Tetlin herself is trying to save her own skin, which involves escaping into a keep occupied by the Prophecy family, a deep and enormous mine shaft burrowed into a mountain. Meanwhile, one of the Prophecy daughters, Deuteronomy, who goes by Deut, has been tapped either by the aliens or God to try to avert the disaster by traveling to Pipnonia, accompanied by a local park ranger named Jace Kuliak, an atheist who is falling in love with her.

Elsewhere, in McHardy itself, the refugees have assembled themselves behind a white supremacist and are pushing people out of the way and killing those of darker skin tones, only to come into conflict with the Alaskan militia that Tetlin has backing her up.

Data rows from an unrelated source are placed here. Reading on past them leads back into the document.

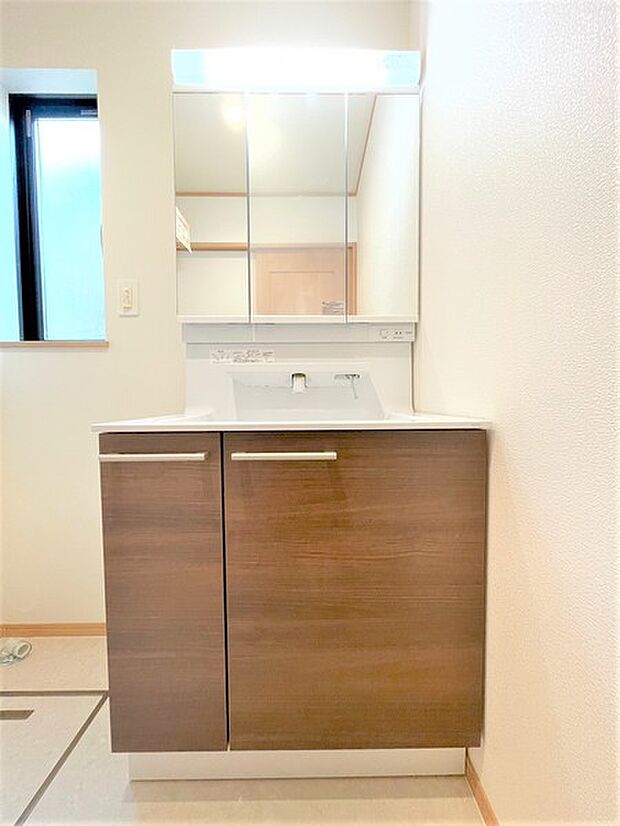 【同仕様】綺麗な洗面台で気持ちの良い朝のスタートを切りましょう!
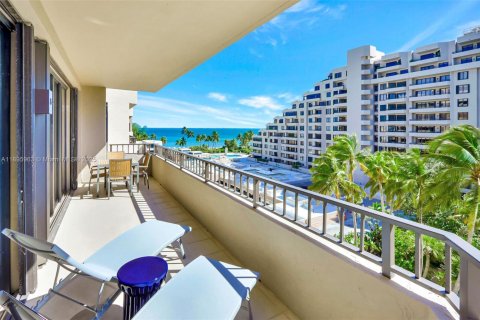 Condo in Key Biscayne, Florida, 2 bedrooms  № 1967800 - photo 1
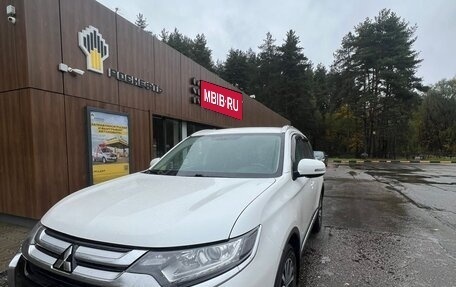 Mitsubishi Outlander III рестайлинг 3, 2017 год, 1 550 000 рублей, 1 фотография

Sound complicated? It is. Marusek has bitten off so much that it would be easy for this tale to fall apart before it started. That he pulls it off is an accomplishment in itself. That he manages to speak to our present dilemma shows how timely his theme is.

Marusek spills out endless plot twists, numerous subplots, countless characters and no end of disasters. Along with the militias and fundamentalists, there’s space travel, time slips, deaths and resurrections, and other standard fare for science fiction. How he will tie all these threads together by the conclusion is a question we’ll have to await the answer to. But in a series that has wandered well beyond the expected boundaries of the genre, this volume is the least science fiction like yet. It’s a journey that might seem a bit too close to reality at times.

Much of the action takes place on familiar ground, as the characters jostle with each other in the face of impending doom. Marusek worked on this book during the pandemic and the madness that overtook America in 2020, which at varying times felt like a real-life apocalypse to many. And whether it was intentional or coincidence, the actions of the players on the ground certainly will feel familiar to anyone reading this book.

As Pipnonia slams through space on its way toward Earth, Jace is trying to work with the aliens to avert the catastrophe. He could be said to be representing the rationalists we’ve seen trying to prevent deaths during the ongoing pandemic, using the best evidence available. Deut and her family, meanwhile, as well as Tetlin and others, see the approaching planet as God’s wrath on a fallen humanity. Others predictably dismiss it all as a hoax, even as the ground rumbles beneath their feet.

Again, if this sounds familiar, it probably should.

What Marusek accomplishes with his juggling act, however, is remarkably thoughtful. There’s no missing where he stands in the spiritual vs. secular conflict he’s exploring here; he’s a science guy through and through. But where a lesser author would use the characters he’s drawn from real life as straw men and women for beating up on, Marusek digs deeply into their motivations and thought processes. He displays a sensitivity to the views and fears of the Prophecy family and the governor that allows them to emerge as fully developed individuals in this story, and not as stereotypes. He might have drawn the basic material for them from well-known Alaskans, but by this point they’ve taken on lives of their own.

And so the book, as well as the series, develops into a rather fascinating examination of varying ways humans react to chaotic, frightening situations. And in so doing, Marusek is also highlighting our political and religious divides, which no one denies have been deepening. Poppy Prophecy is a truly awful man, but the others, be they religious or atheist, are complex. And they have to find a way to work together. Perhaps we should as well.

Whether or not he intended it when he first conceived this series, “Upon This Rock” has become a parable for our times. In my review of the first volume, I described it as the weirdest Alaska novel ever. Since then, reality has somewhat caught up with Marusek’s vision. We aren’t facing doom, but we are being tried as a nation and world. What Marusek has done is shown the humanity of an array of people trying to cope with the unknown. And he’s written a damned good tale in the process.